Mr. ALLISON. I should like to know the gentleman's reason for the statement he has just made, that the Senate postponed the tariff bill at the instance of the Special Commissioner of Internal Revenue. I never heard of it before.

Mr. MOORHEAD. If the gentleman will only be cool and keep his seat, I will endeavor to give him all the light I have on the subject; and which, perhaps, may be all he will want to know.

The gentleman to whom I referred, who has the title of Special Commissioner of Internal Revenue, represented to the Senate that the bill of the Committee of Ways and Means, which was a small, delicate, genteel bill, as the House may see by examining the files of the last Congress, merely amending the tariffhe represented that that was not a perfect bill; that we wanted an entirely new tariff bill, one that should contain every article upon which any tariff duty was imposed. The Senate supposed there was something in that, and agreed to postpone the bill, with the understanding that he would prepare the details, the outlines, the groundwork of an entire tariff bill, and have it ready for them at the commencement of the next session.

At the commencement of the next session here was his bill, containing three times as much as the bill which passed the House, which was merely a bill amendatory of the tariff. In his bill there were included hundreds of articles upon which the tariff was not changed at all, neither enlarged nor reduced. They were put in merely as a make-weight, as I believe, put in merely to kill the bill, to prevent its passage during that Congress. And it had that result most effectually. I have frequently told that gentleman that he had drugged that bill to death.

There were hundreds, perhaps thousands of drugs named in that bill; and every drug was named and carried out with its rate of duty, either ad valorem or specific. The rates in more than two thirds of the cases were not changed, yet they were all inserted, and had to be gone over and considered. The result was that so much time was occupied in the Senate that, Congress meeting early in December, the bill was not reported to the Senate until January, 11, 1867. It was then ordered to be printed. That bill afterward came to the House.

But before leaving this point, as my sensitive friend, the gentleman from Iowa, [Mr. ALLISON,] seemed a little anxious about the Special Commissioner of Internal Revenue, to whom I unfortunately referred in this connection, I deem it proper to say to the House and to the country that if it is necessary or important that this Government should keep an othcer in its service at a large salary for the purpose of guarding the interests of the foreign manufacturer, the foreign importer, the foreigu agent in New York, then the Secretary of the Treasury has been signally fortunate in the selection he has made, and Mr. Wells is the proper man for the place. I want to put that on the record before leaving this point.

Mr. ALLISON. Mr. Chairman

Mr. MOORHEAD. I cannot yield to the gentleman. There are two hours allowed for general debate, and he will have a portion of that time.

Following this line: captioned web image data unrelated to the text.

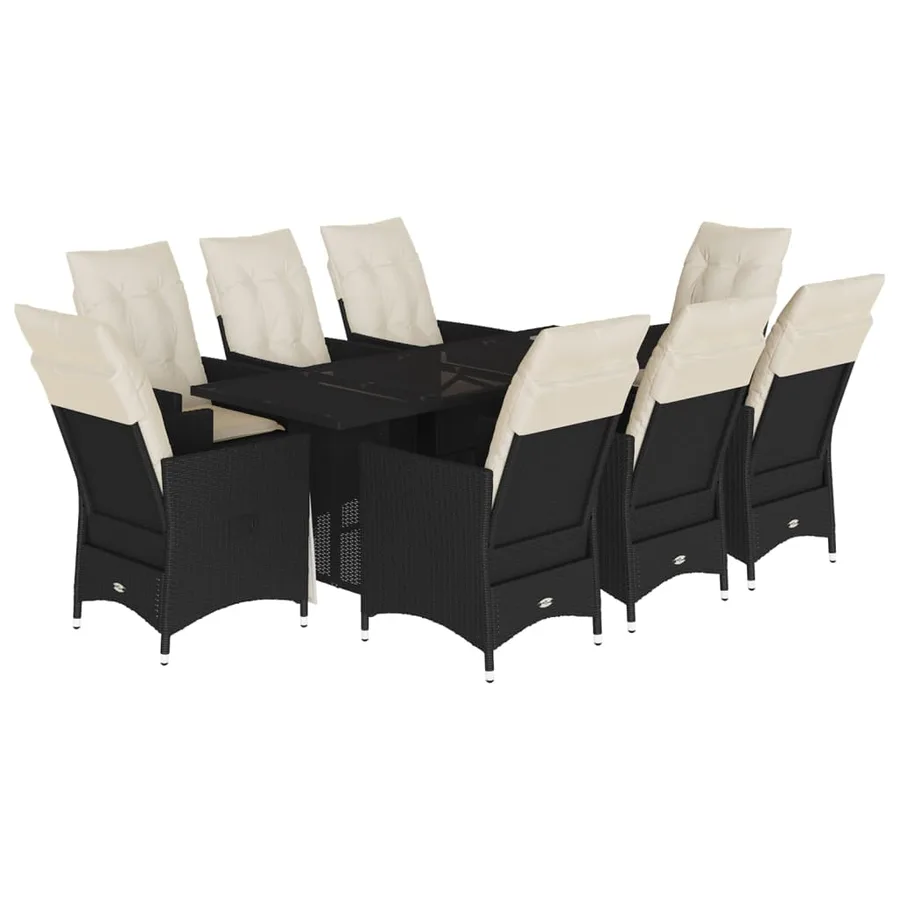Ensemble à manger de jardin 9pcs coussins noir résine tressée - 2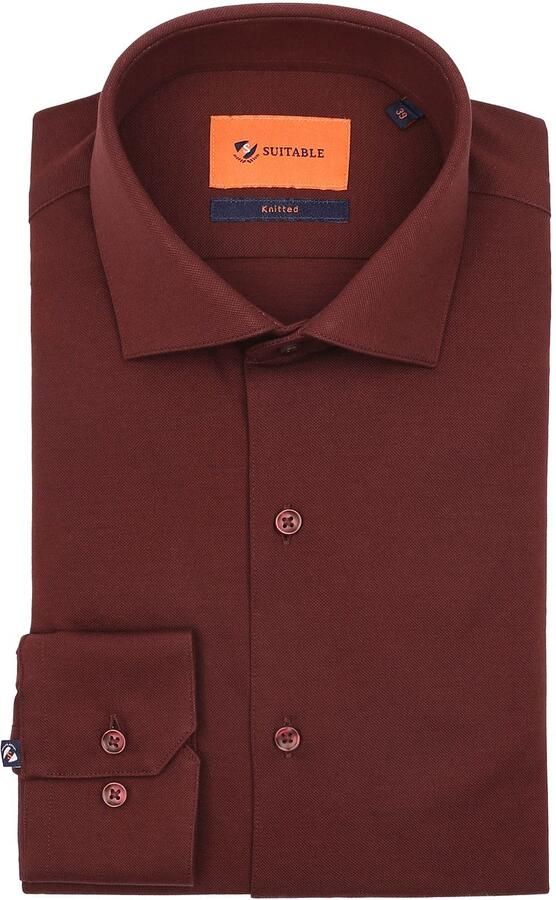 Suitable Overhemd Lange Mouw Overhemd Pique Bordeaux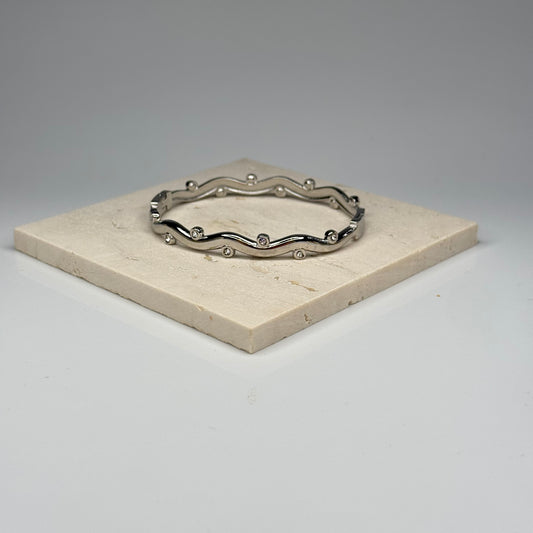 5A+ CZ Wavy Bubble Bangle – Gold Plated - DEAL OF THE DAY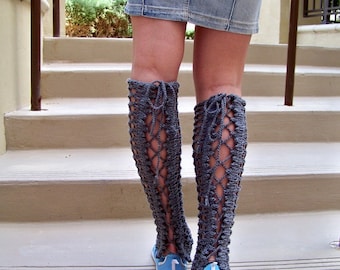 Knit Leg Warmers Pattern, Easy Knitting Pattern, Fishnet Lace Summer Legwarmers, Retro Boho Hippie Clothes for Women and GIrls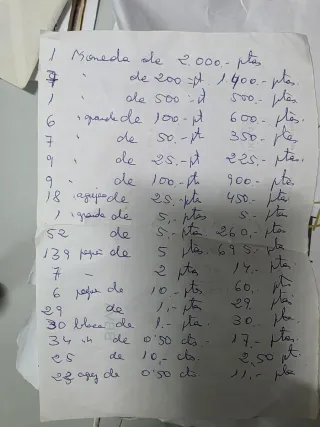 Relación de monedas  interesados ponerse en contac
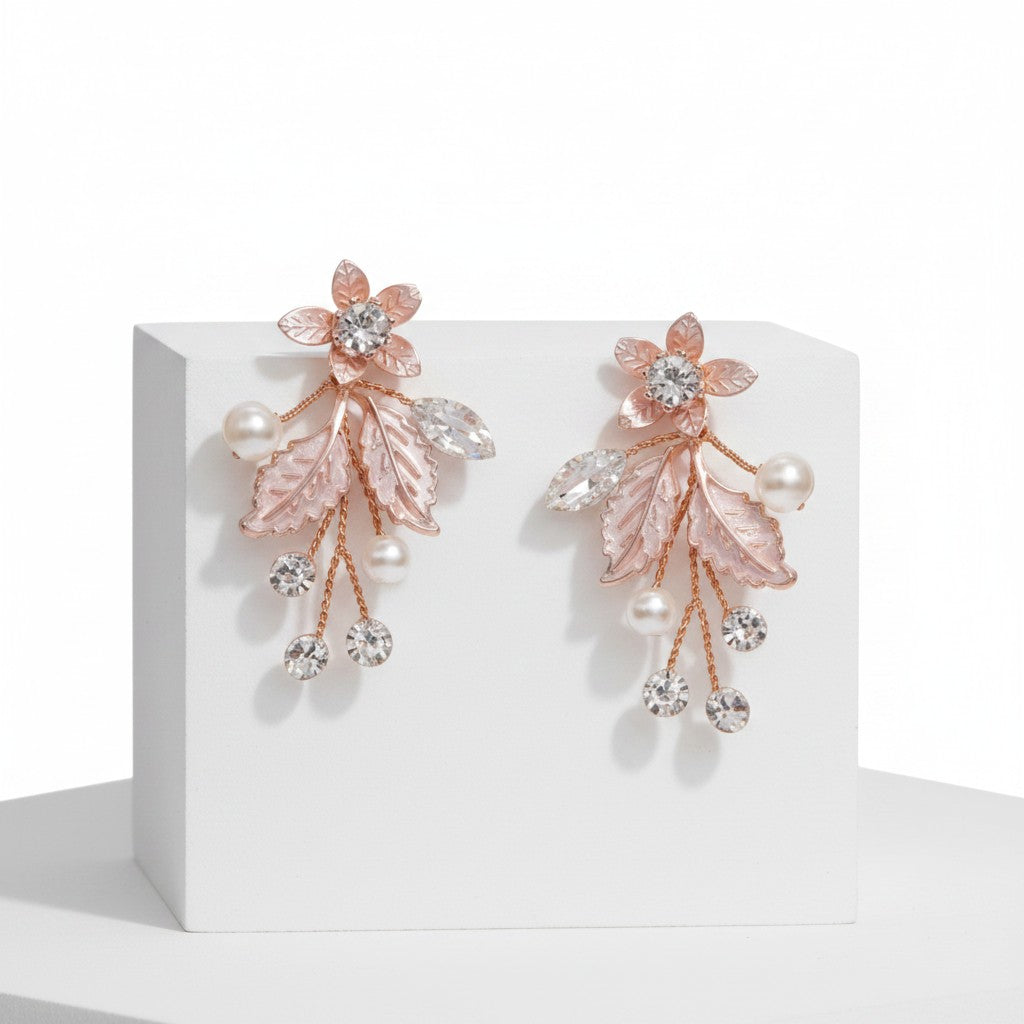 ATHENA COLLECTION - FLORAL ROMANCE EARRINGS - ROSE GOLD - ER495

This bill came from the Senate to the House. We had to take it up-how? Not as in the form of amendments to our bill. It was an amendment, it is true; but it was a single amendment, because the Senate struck out all after the enacting clause and inserted a new bill. I am not a parliamentarian nor a tactician. I have been in this House a considerable time; but I have not yet learned all the rules, and I do not expect that I ever shall But under the ruling made by our very abi Speaker, (and I do not doubt its correctness,} when that bill came in here it required a twothirds vote to take it up. The bill had passed this House and gone to the Senate. The Senate had adopted the plan of Mr. Wells, making

an immense bill. They had passed upon everything embraced in our bill and a thousand things beside. Yet, although as to nearly all the articles embraced in the original bill both Houses agreed upon the same rates we were not able to enact the bill into a law, because we could not get the Senate amendments considered here without a two-thirds vote.

This is a fact in the history of this measure. It is new, perhaps, to some gentlemen who were not here at that time.

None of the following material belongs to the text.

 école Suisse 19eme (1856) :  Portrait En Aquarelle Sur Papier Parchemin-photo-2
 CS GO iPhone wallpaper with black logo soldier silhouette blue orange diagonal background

It is not new to the old members; it is not new to you, Mr. Chairman; it is not new to the Speaker of this House; for we tried every method to get the bill up. Mr. MORRILL, of Vermont, who was then chairman of the Committee of Ways and Means, implored the House on different occasions to take up the bill, and made various motions with that object. By reference to page 1658 of the Congressional Globe for the second session of the Thirty-Ninth Congress it will be found that on the 28th of February, 1867, after the Committee of Ways and Means had reported the bill back to the House, a motion was made to suspend the rules, on which the yeas were 106, the nays 64. We could not obtain quite the necessary two thirds, and hence the bill could not be taken up. On the same day we made another effort, and on a similar motion the yeas were 102, the nays 69; there being all the time, as will be seen, a large majority in favor of considering the bill.

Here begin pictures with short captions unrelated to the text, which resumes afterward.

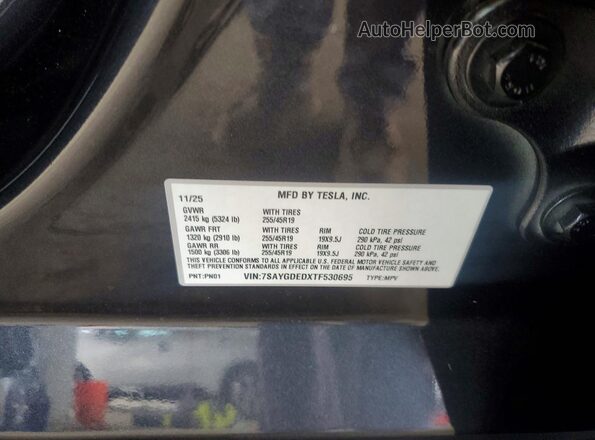 7SAYGDEDXTF530695 2026 TESLA MODEL Gray Vista de la etiqueta del VIN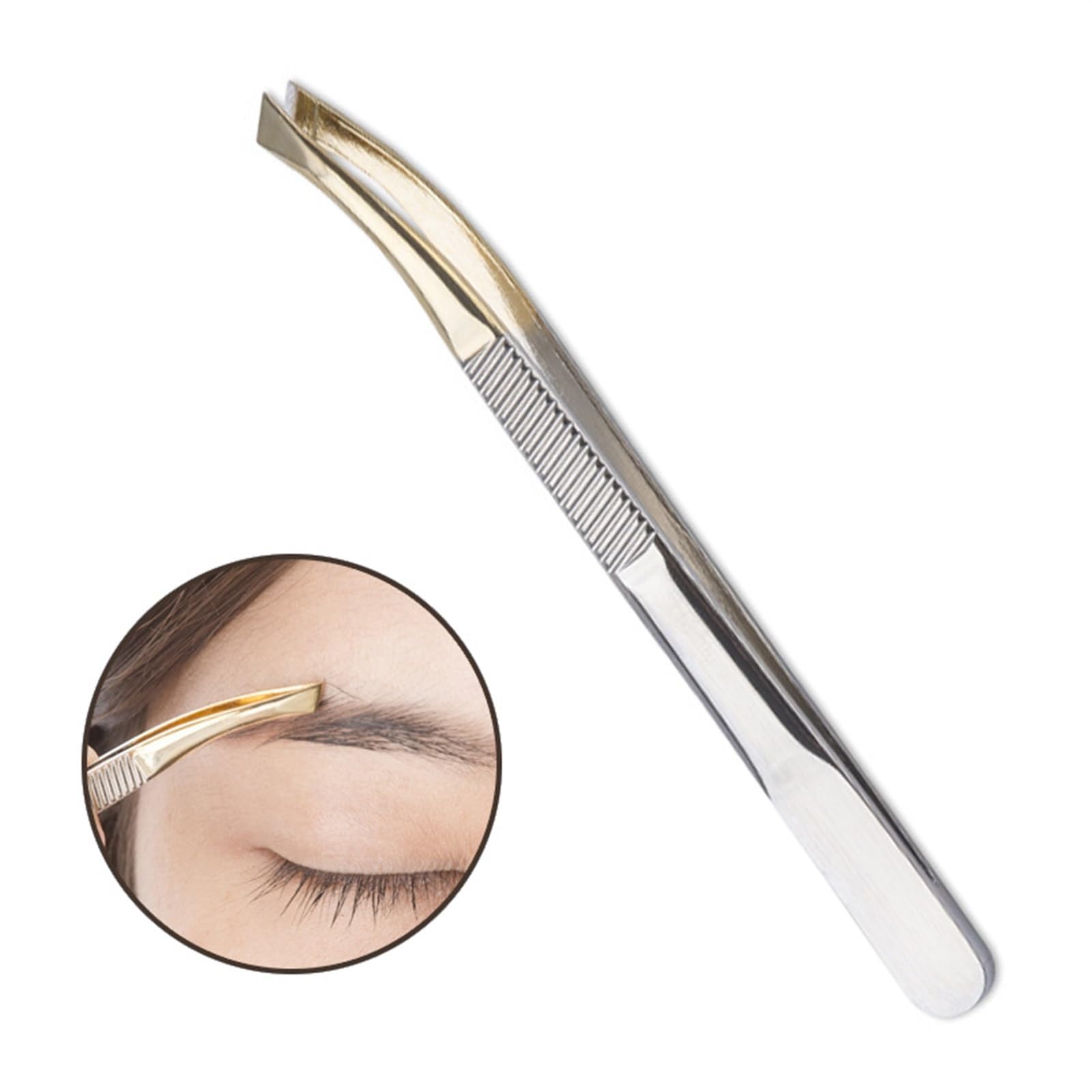 Premium Stainless Steel Slant Tip Tweezers for Eyebrow Shaping, Hair Removal & Eyelash Extensions - Professional Makeup Tools for Precise Grooming at Home or Salon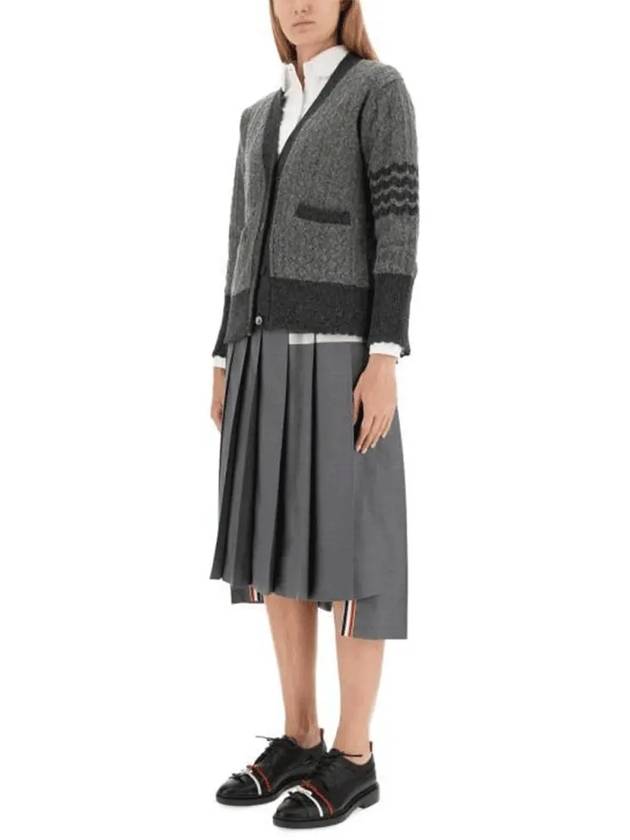 4 Bar Logo Plain Weave Wool Pleated Skirt Grey - THOM BROWNE - BALAAN 5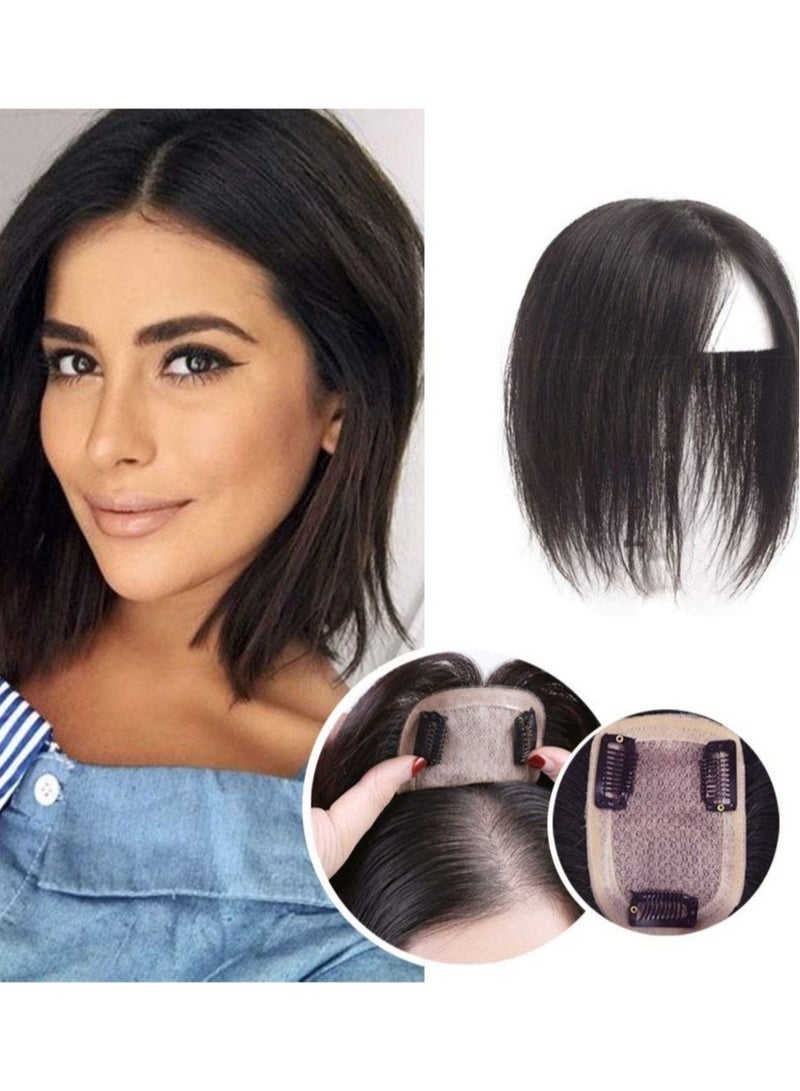 إستيل أغطية شعر بشري للنساء بمشبك حريري مستقيم في قطعة الشعر المستعار في الجزء الأوسط مع شعر رقيق أسود طبيعي 8*13 - Image 2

I have thus referred to the history of this measure for the sake of calling the attention of the tariff men here to the facts of the case. I do not want them to allow themselves to be hoodwinked in that way again. We have got this bill now in such a position that a majority can put it through, and I ask the tariff men of the House to put it through. I do not want to make a speech; but I have here some statistics which show the importance of passing this bill. They exhibit the immense drain of gold which has been going on from this country, showing that something must be done to stop this drain unless we wish to go into bankruptcy, and demonstrating that this bill is a step in the right direction. I ask the Clerk to read the statistics which I send to the desk.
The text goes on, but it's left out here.